The program, CleanPowerSF, could offer San Franciscans a renewable energy alternative to PG&E, if it can finally get off the ground.
San Francisco Mayor Ed Lee and Board of Supervisors President London Breed called on the SFPUC this week to create a clean energy program that does not contract with a major oil company, as was formerly proposed.
“San Francisco’s clean energy program should not contract with an oil company with a dubious record of protecting the environment and human rights: we can do better,” Lee said.
The mayor called on the SFPUC to develop a program that is “affordable for customers, greener for our planet, takes advantage of renewable technology being developed right here in our City and has a real plan for creating jobs for our residents.”
While the Board of Supervisors approved a contract with Shell Energy North America to purchase energy from renewable sources in September 2012, the SFPUC has not acted on the program due to concerns over the true environmental benefits of the program, according to the mayor’s office.
Lee opposed a clean energy program that was approved by a veto-proof majority of the Board of Supervisors in 2013.

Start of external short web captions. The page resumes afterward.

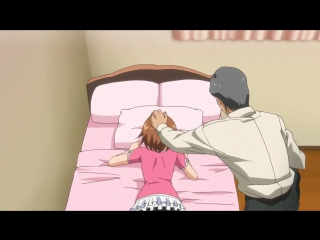 porn 18禁アニメ 鬼父2 上巻おバカな袴っ娘の反省1280x720 avc aac hd
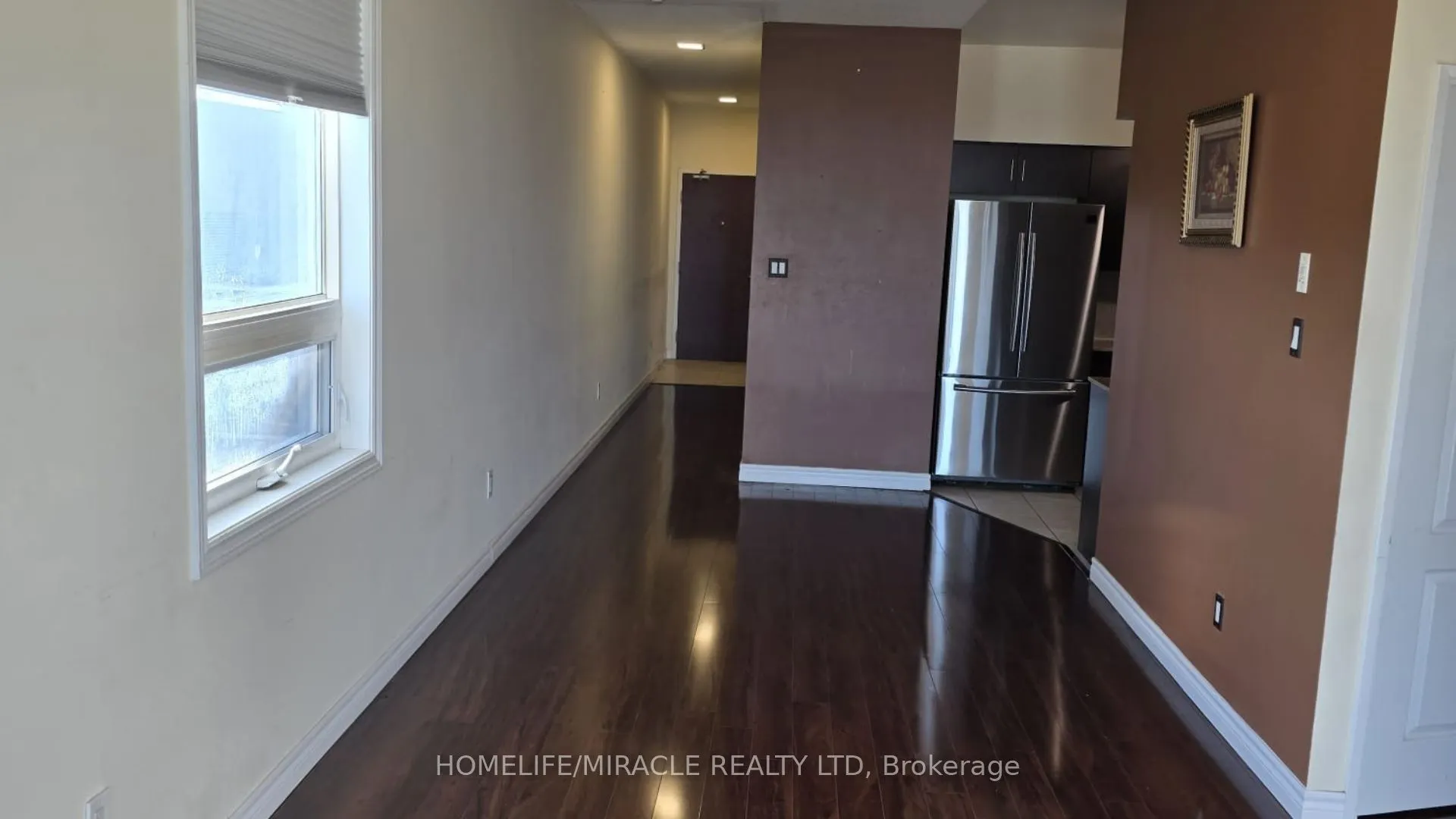 7405 Goreway Drive, #715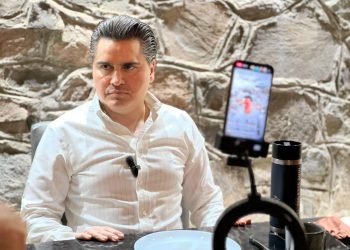 Tenemos la razón jurídica, Morena retrasó las resoluciones, vamos a ganarles con votos: Gildardo Real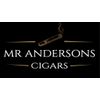 mrandersonscigars.se Logotyp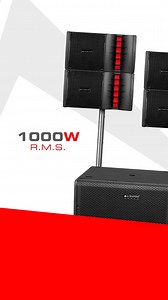 950 reactions · 21 shares | 홓혼홍홍혼화ퟭퟴ 혼혿홑혼홉혾홀혿 – Potencia que se escucha y se vive. ⚡ 1000W R.M.S. para un sonido imparable.  Conéctate sin límites: Bluetooth, TWS, USB y SD.  Entradas XLR / RCA / Combo | Salidas XLR / Speakon. ️  Disponible con distribuidores autorizados.   Escríbenos aquí: https://wa.me/5564137229  | Alienpro | Facebook
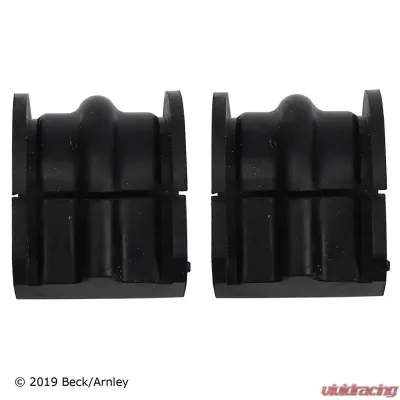 Beck/Arnley Suspension Stabilizer Bar Bushing Kit 101-8379 - 101-8379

Back in 2013, Lee said the program had been watered down to a point where it included more renewable energy credits than renewable sources themselves.
The program “no longer had any direct immediate environmental benefit,” the mayor said in 2013.
Lee also said he would prefer to see a program that allows residents to opt into it rather than being automatically adopted.
Supervisor John Avalos said in 2013 that he believed PG&E and its unions were pushing the mayor to oppose the program so its monopoly as San Francisco’s power source would be maintained.
Lee is now asking the SFPUC and city departments working on the CleanPowerSF project to develop a reliable renewable energy business model and approve the new program by the end of the 2015.